- Stored items from a collection
************
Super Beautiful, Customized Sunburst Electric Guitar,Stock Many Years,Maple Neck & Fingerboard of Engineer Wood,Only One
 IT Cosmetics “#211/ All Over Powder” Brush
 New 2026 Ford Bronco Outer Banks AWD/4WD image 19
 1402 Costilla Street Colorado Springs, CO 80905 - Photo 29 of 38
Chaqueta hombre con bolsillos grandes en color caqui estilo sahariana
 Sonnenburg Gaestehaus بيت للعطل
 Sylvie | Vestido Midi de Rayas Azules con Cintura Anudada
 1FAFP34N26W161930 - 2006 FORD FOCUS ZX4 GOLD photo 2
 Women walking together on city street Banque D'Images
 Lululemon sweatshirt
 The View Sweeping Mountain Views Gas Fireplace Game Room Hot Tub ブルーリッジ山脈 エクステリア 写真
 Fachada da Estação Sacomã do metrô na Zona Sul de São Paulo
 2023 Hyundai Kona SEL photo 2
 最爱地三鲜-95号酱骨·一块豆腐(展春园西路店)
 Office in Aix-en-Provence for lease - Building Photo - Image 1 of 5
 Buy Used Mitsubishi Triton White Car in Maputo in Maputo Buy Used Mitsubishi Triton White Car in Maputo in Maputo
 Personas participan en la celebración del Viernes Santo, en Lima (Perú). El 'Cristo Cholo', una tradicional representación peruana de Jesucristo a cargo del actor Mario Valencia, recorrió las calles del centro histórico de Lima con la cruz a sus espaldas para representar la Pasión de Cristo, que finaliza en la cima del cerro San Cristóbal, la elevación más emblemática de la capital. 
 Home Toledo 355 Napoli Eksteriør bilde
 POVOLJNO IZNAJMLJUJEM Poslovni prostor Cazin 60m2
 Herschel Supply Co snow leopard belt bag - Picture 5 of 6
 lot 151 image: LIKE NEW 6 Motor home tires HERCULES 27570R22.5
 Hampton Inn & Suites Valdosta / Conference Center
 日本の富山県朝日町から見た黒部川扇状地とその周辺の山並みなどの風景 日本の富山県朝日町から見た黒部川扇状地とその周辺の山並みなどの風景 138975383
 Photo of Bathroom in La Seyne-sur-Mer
************
- What the task requires
Reproduce the lines of the entries above exactly, but only from the line containing "Fachada da Estação" through the final line.

- Solution to the exercise
 Fachada da Estação Sacomã do metrô na Zona Sul de São Paulo
 2023 Hyundai Kona SEL photo 2
 最爱地三鲜-95号酱骨·一块豆腐(展春园西路店)
 Office in Aix-en-Provence for lease - Building Photo - Image 1 of 5
 Buy Used Mitsubishi Triton White Car in Maputo in Maputo Buy Used Mitsubishi Triton White Car in Maputo in Maputo
 Personas participan en la celebración del Viernes Santo, en Lima (Perú). El 'Cristo Cholo', una tradicional representación peruana de Jesucristo a cargo del actor Mario Valencia, recorrió las calles del centro histórico de Lima con la cruz a sus espaldas para representar la Pasión de Cristo, que finaliza en la cima del cerro San Cristóbal, la elevación más emblemática de la capital. 
 Home Toledo 355 Napoli Eksteriør bilde
 POVOLJNO IZNAJMLJUJEM Poslovni prostor Cazin 60m2
 Herschel Supply Co snow leopard belt bag - Picture 5 of 6
 lot 151 image: LIKE NEW 6 Motor home tires HERCULES 27570R22.5
 Hampton Inn & Suites Valdosta / Conference Center
 日本の富山県朝日町から見た黒部川扇状地とその周辺の山並みなどの風景 日本の富山県朝日町から見た黒部川扇状地とその周辺の山並みなどの風景 138975383
 Photo of Bathroom in La Seyne-sur-Mer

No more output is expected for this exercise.